- **WHAT IS EXPECTED**
Would you please repeat exactly the entries below, starting at the line with "Okra Gumbo with Blue Crabs and Shrimp" and ending at the line with "Invitation Camping Grill", and nothing outside that range? Leave out the pictures.

- **ENTRIES SHOWN**

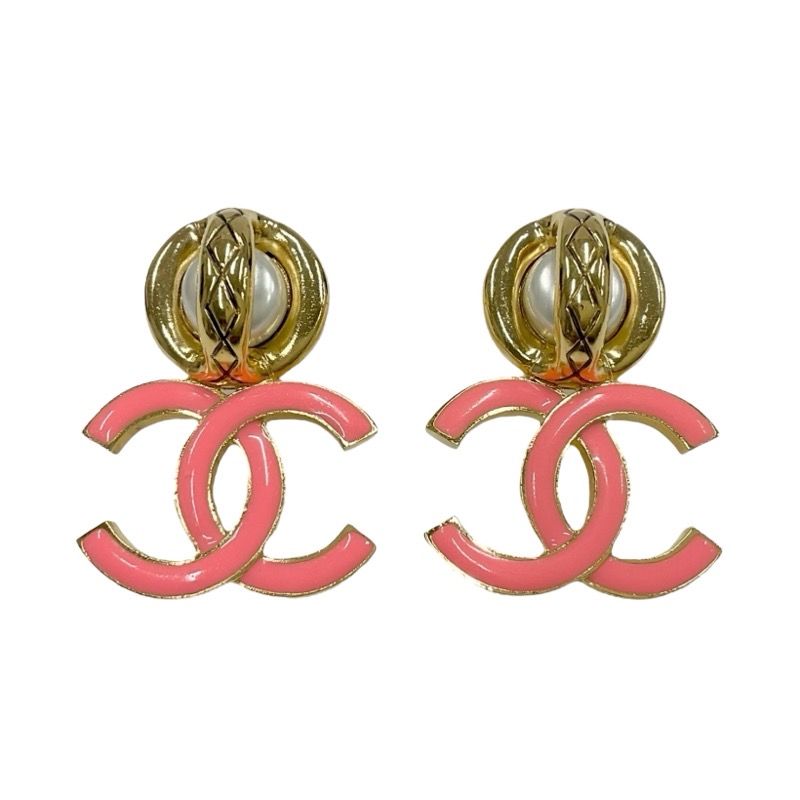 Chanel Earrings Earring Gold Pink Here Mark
---
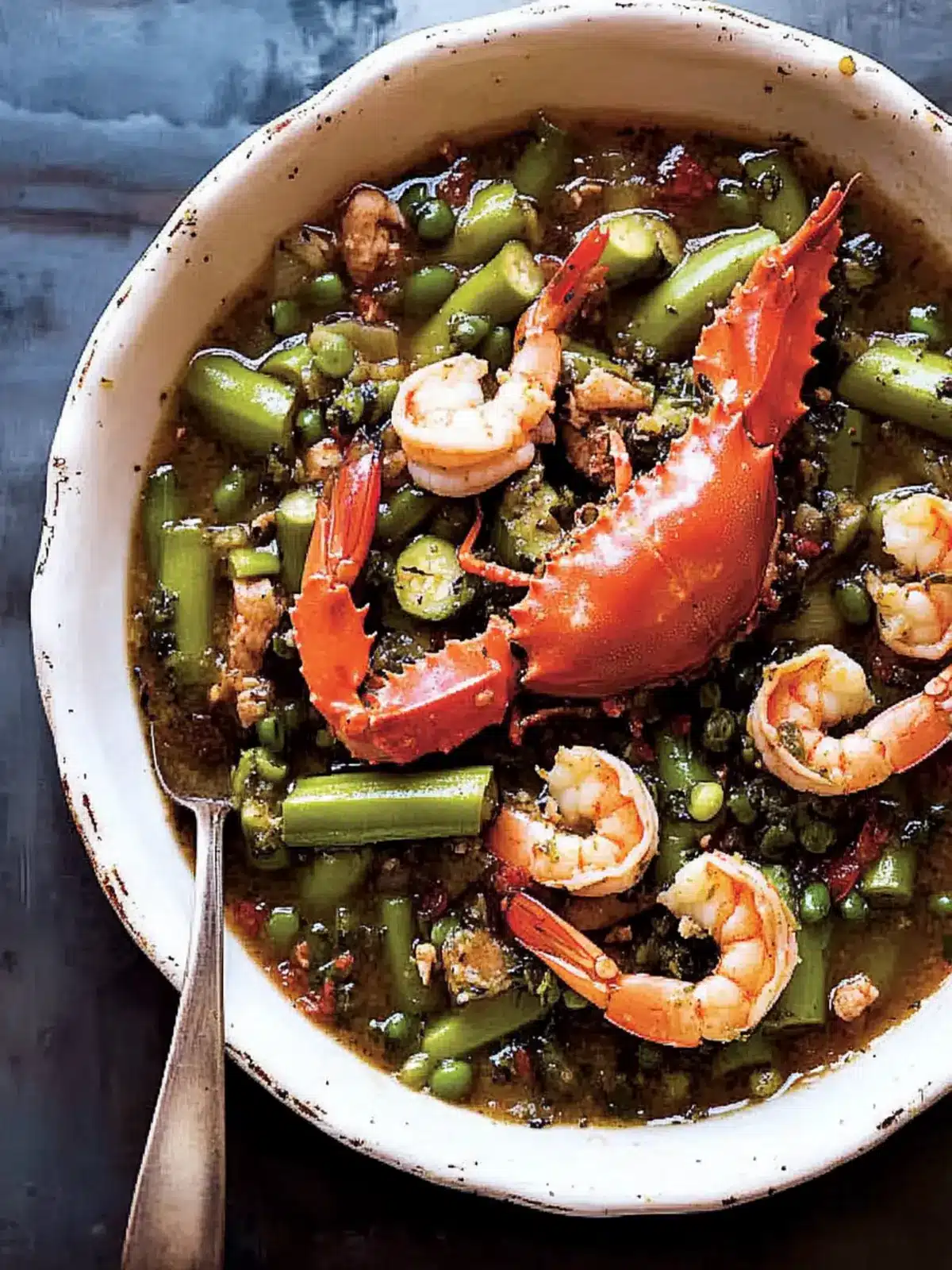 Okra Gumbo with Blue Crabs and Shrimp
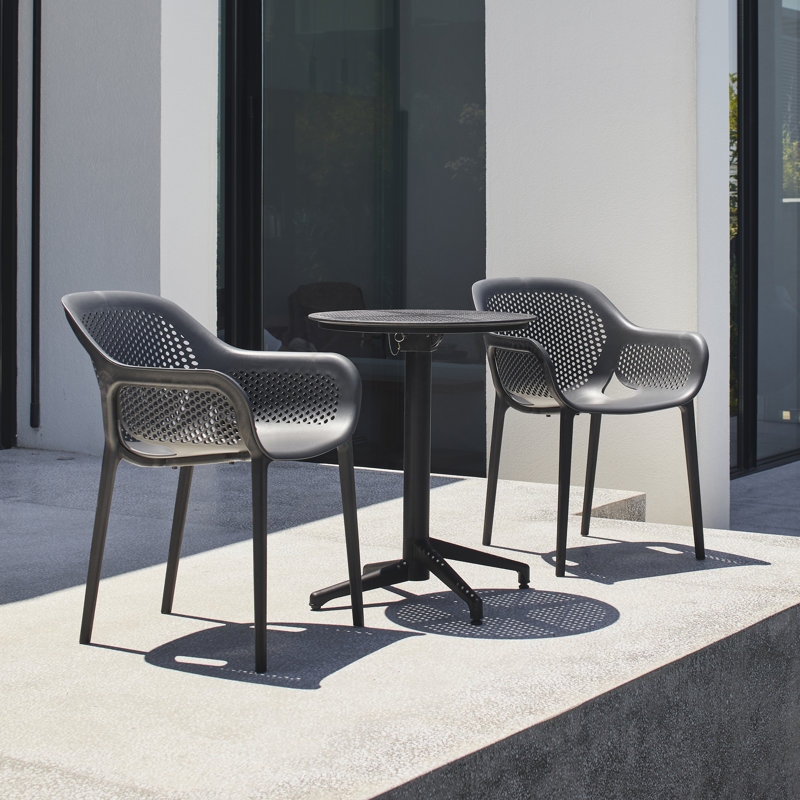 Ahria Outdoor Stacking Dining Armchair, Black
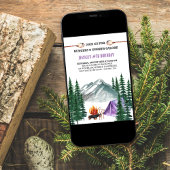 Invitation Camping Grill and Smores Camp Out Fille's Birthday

- **EXERCISE RESPONSE**
 Okra Gumbo with Blue Crabs and Shrimp
 Ahria Outdoor Stacking Dining Armchair, Black
 Invitation Camping Grill and Smores Camp Out Fille's Birthday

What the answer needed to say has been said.